Goby, Valentine «Baumes» (10.2014)
Auteur : Ecrivaine française née à Grasse en 1974. Elle vit en région parisienne. Ses thèmes de prédilection sont: La place des femmes, leur corps, les yeux des femmes à cause de leur corps, de leur sexe, comment une femme regarde et change le monde, par amour, par envie, par orgueil, par ennui, par vengeance, en tant que sœur, mère, fille, amante. Comment l’Histoire les affecte, comme elles l’affectent, du Paris contemporain à la Provence atemporelle, à l’Afrique de l’après-guerre, à la Bretagne des années 1940. Les lieux, comment les lieux nous traversent, comment nous les traversons, comme l’espace nous façonne et comment nous le transformons. L’enfance, comment elle nous survit et s’acharne à nous habiter, dans chaque moment de la vie, dans chaque âge et en toutes circonstances, comment chaque geste est porteur d’une histoire toujours ancrée dans l’enfance. Ce qui est valable pour un homme est valable pour une nation, alors l’Histoire, la grande, me passionne aussi, c’est en elle que je cherche et trouve les racines de toutes les blessures présentes, je l’explore, la dissèque, comme les origines individuelles. ( source) .

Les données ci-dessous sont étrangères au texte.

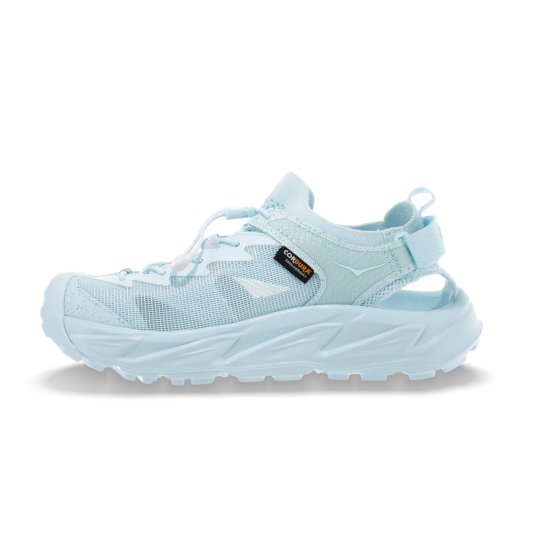 HOKA - HOPARA 2 FEMME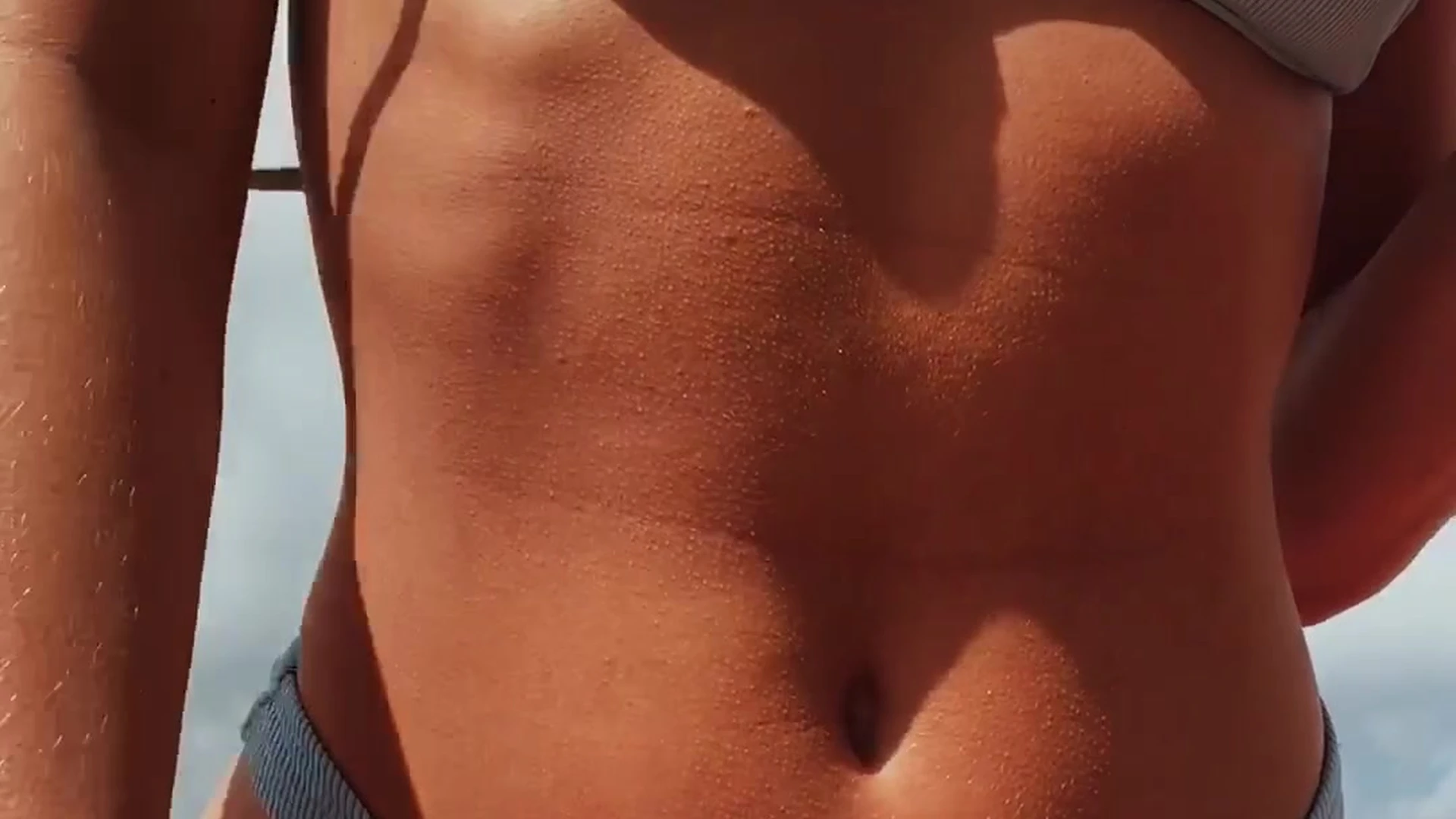 dirty Dripping Small Ass Leolulu nude onlyfans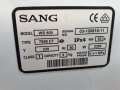 Продавам пералня Sang WS 800 на Части, снимка 11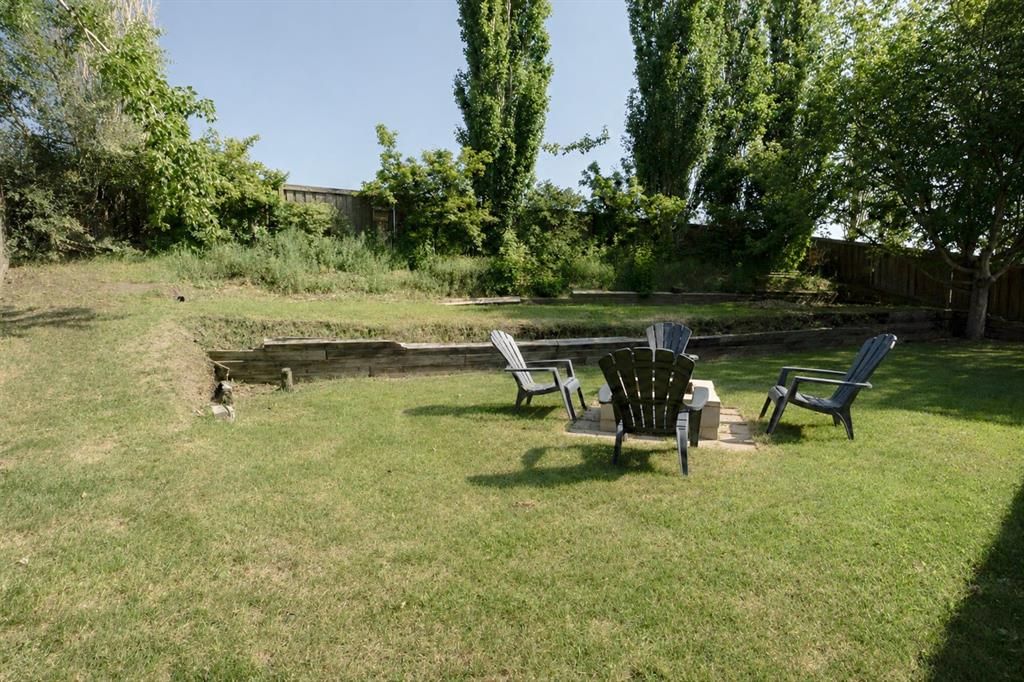 11078 67 Avenue  - Photo 25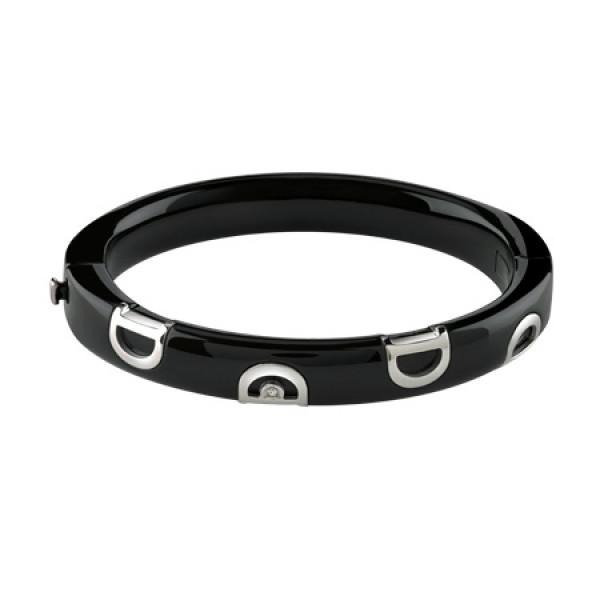 Браслет Damiani 12872 д 18р 2гр 2,1гр 48,5гр 0,011ct. купить,1470000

Ses romans : La note sensible, 2002 – Sept Jours, 2003 – L’Antilope blanche, 2005 – Petit éloge des grandes villes, recueil de textes, 2007 – L’échappée, 2007 – Qui touche à mon corps je le tue , 2008 – Des corps en silence, 2010 – Banquises, 2011 – Kinderzimmer, 2013 – Méduses, 2013 – Baumes (Collection Essences- Actes Sud), 2014 – Un paquebot dans les arbres, 2016
Résumé : Je me demande si le père de mon père, que je n’ai pas connu, portait l’odeur d’usine dans toute sa peau et tout son vêtement. S’il rentrait lui aussi imprégné d’essences pures, si sa présence provoquait de semblables, silencieuses apocalypses, pouvait défaire le monde dans lequel il surgissait, en imposer un autre, avec ses propres protocoles, que sa disparition renversait aussitôt et les souris dansaient. S’ils se sont transmis ça, en même temps que le patronyme, le patriarcat, la maison magnifique parmi les oliviers : cette capacité à occuper l’espace, le saturer. Le confisquer.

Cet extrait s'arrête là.